From Morning Mist to Composition – Art Photography in Post-war Finland

The exhibition From Misty Morning to Composition presents an unparalleled overview of Finnish post-war art photography, mainly from the 1950s. Most of the artworks are from the collections of the Finnish Museum of Photography. Lost key pieces have been recovered, and some of the destroyed works have been re-proofed. The overview is based on the research by Leena Saraste, the curator of this exhibition, and architect Kirsti Kasnio’s visual design.

For a long time, those who were into art photography sought their favourite subjects in nature. Typical subjects, especially after the war, were wide landscapes with clouded skies and horizons that disappeared in mist. Water lilies, dragonflies and swans, or flowers portrayed against the sunset were photographed in detail. Beautiful motifs and a search for harmony were de rigueur. Skilled use of light and soft composition were the foci of photographers.

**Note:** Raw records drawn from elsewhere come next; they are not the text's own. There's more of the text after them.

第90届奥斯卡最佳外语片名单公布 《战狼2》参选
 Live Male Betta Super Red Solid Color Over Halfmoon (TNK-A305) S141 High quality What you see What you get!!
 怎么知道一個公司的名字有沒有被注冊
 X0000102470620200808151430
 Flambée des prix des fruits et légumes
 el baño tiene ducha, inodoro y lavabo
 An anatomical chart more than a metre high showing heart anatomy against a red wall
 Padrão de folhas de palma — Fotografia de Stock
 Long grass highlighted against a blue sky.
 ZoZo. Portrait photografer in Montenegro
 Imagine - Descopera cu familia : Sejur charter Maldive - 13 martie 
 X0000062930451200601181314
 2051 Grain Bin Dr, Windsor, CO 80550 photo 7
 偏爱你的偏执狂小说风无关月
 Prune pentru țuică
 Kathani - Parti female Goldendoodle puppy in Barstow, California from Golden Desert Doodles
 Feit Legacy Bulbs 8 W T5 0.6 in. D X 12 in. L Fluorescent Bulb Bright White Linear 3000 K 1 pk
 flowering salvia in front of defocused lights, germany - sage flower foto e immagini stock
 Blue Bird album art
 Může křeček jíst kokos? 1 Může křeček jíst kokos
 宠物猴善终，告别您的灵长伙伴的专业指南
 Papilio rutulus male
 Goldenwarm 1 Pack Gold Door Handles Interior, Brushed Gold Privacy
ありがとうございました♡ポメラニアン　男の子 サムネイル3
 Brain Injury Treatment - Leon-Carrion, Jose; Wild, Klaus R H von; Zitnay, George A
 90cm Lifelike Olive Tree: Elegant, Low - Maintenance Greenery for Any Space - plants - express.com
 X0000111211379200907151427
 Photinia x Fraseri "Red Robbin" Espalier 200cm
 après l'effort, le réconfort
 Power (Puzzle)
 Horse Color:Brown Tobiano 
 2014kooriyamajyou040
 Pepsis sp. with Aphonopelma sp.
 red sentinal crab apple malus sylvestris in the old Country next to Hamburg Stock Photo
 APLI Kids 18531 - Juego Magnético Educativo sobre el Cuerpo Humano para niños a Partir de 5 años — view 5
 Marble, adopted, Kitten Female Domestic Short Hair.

In the early 1950s, this pictorial sentimentalism was challenged by a group of young cosmopolitans from Turku, who created photographs reminiscent of graphical art, but without the familiar classical subjects. The upswing of "subjective photography" that started in 1953 was short-lived, but in the 1950s, the dominance of nuances that the pictorials concentrated on had to give way as photographers focused on questions about form and composition. By the 1960s, landscapes based on the control of nuances became uninteresting in the eyes of art photographers.

To balance the mute modernism which focused on composition, a demand for narratives and human subjects soon arose, which culminated in The Family of Man exhibition, presented in 1959. From then on, "narrative" portrayal based on realistic narration, or reminiscent of genre painting, lived side by side with strongly stylised approaches.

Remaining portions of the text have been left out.